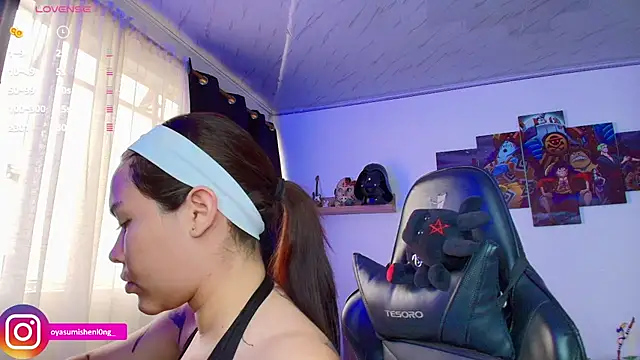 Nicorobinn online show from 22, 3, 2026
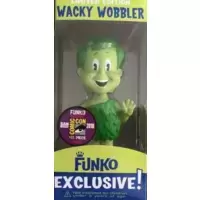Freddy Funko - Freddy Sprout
--
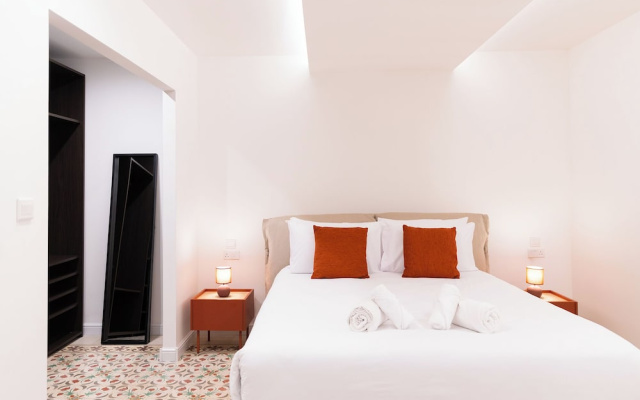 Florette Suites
---
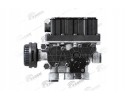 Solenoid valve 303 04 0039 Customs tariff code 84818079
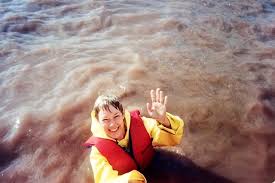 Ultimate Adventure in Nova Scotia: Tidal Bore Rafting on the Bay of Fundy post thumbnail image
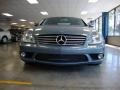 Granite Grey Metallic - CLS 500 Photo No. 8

# [What needs to be done]
Find the line with "Nicorobinn online show from 22, 3, 2026" in the data above, and from there retype each line exactly through the line with "Freddy Funko - Freddy Sprout", skipping the pictures along the way.

# [Answer section]
 Nicorobinn online show from 22, 3, 2026
Freddy Funko - Freddy Sprout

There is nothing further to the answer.